**What to produce:** Repeat every record below exactly, but leave out any pictures.

**The input:**
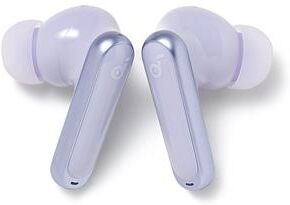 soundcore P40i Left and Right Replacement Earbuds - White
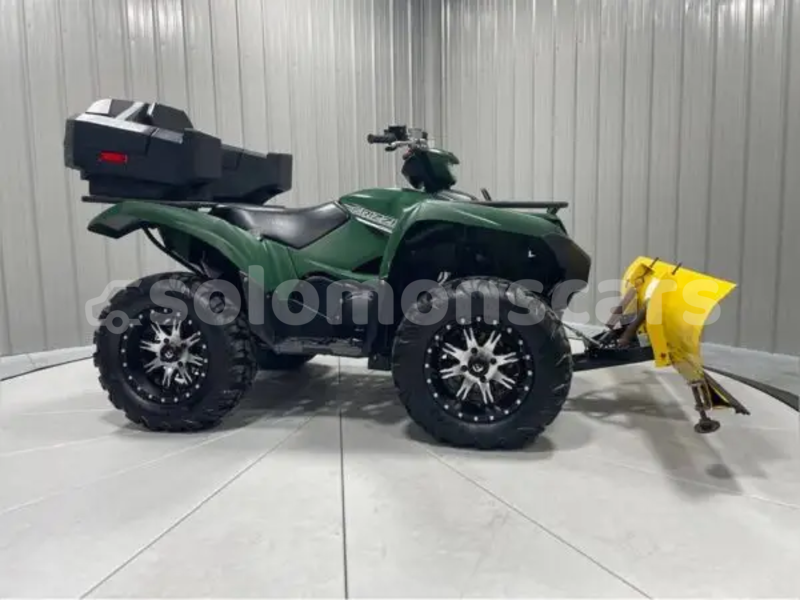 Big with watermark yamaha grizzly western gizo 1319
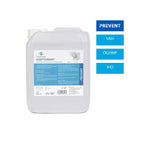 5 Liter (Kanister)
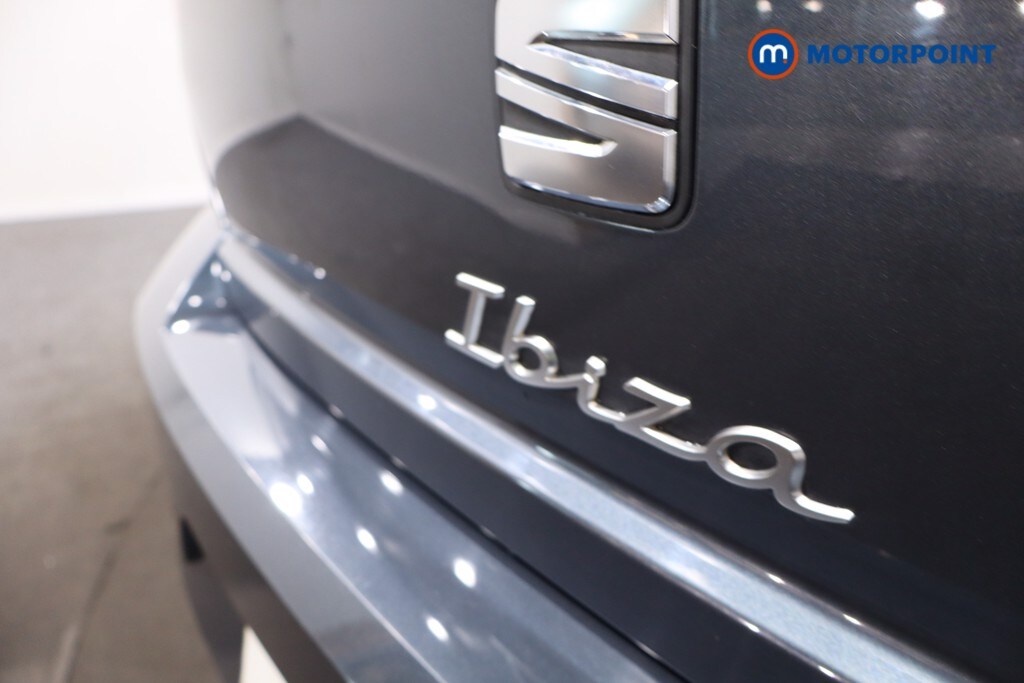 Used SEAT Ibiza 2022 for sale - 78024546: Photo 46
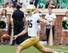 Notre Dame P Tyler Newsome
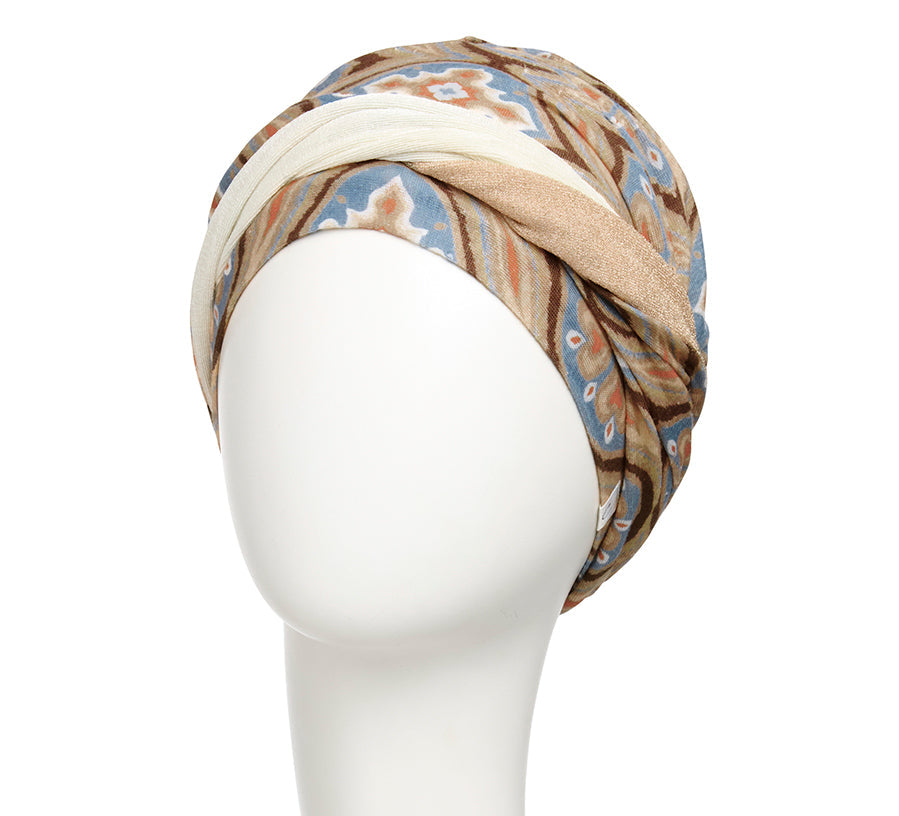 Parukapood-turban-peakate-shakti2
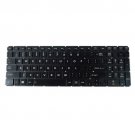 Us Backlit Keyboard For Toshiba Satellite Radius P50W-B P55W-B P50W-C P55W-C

**Solution:**
 soundcore P40i Left and Right Replacement Earbuds - White
 Big with watermark yamaha grizzly western gizo 1319
 5 Liter (Kanister)
 Used SEAT Ibiza 2022 for sale - 78024546: Photo 46
 Notre Dame P Tyler Newsome
 Parukapood-turban-peakate-shakti2
 Us Backlit Keyboard For Toshiba Satellite Radius P50W-B P55W-B P50W-C P55W-C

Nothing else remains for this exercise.